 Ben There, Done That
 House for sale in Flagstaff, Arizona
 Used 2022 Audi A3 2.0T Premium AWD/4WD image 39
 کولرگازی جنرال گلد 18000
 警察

--

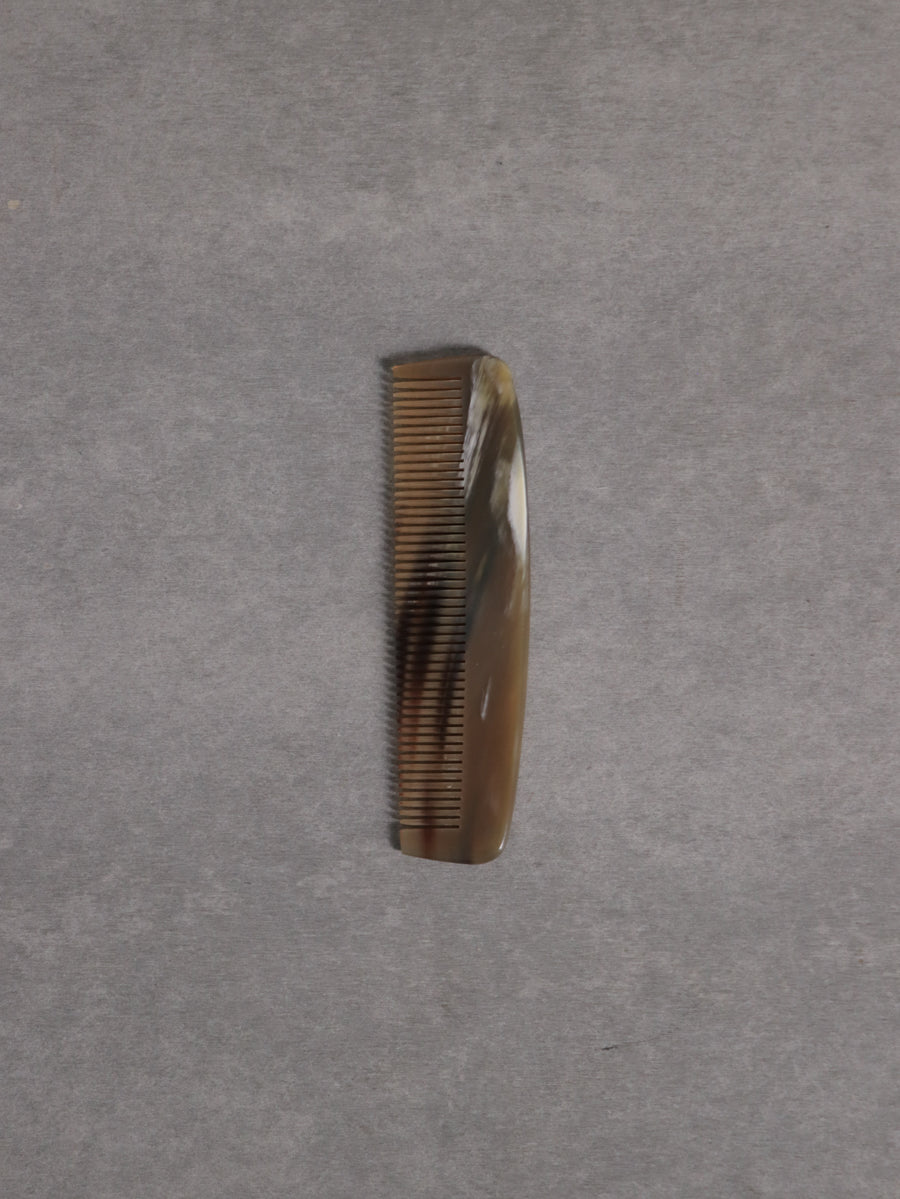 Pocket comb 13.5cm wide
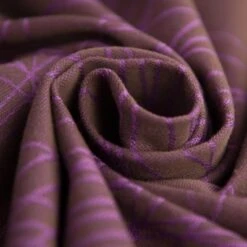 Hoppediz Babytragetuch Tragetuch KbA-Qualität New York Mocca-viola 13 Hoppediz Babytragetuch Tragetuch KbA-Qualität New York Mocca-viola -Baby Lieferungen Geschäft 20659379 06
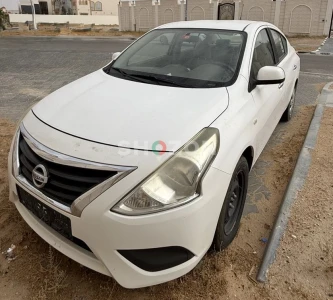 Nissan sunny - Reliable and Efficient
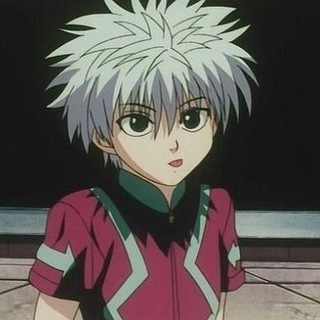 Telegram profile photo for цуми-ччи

...

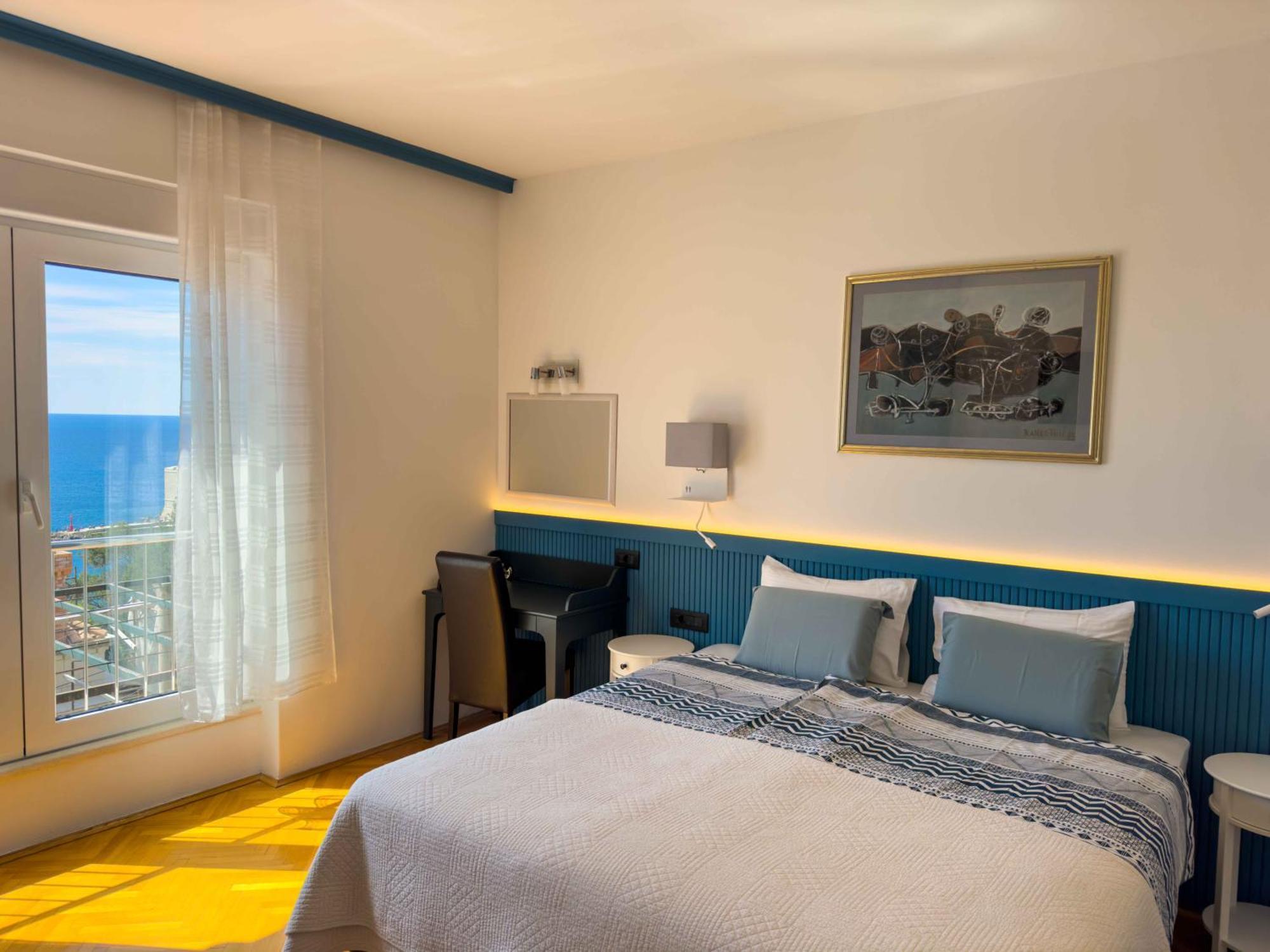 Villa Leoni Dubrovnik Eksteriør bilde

PROBLEM STATEMENT: When you reach the line containing "Nissan sunny - Reliable and Efficient" in the entries above, begin restating word for word, and stop once the line containing "Telegram profile photo for цуми-ччи" has been given. Omit the pictures.

EXERCISE OUTPUT:
 Nissan sunny - Reliable and Efficient
 Telegram profile photo for цуми-ччи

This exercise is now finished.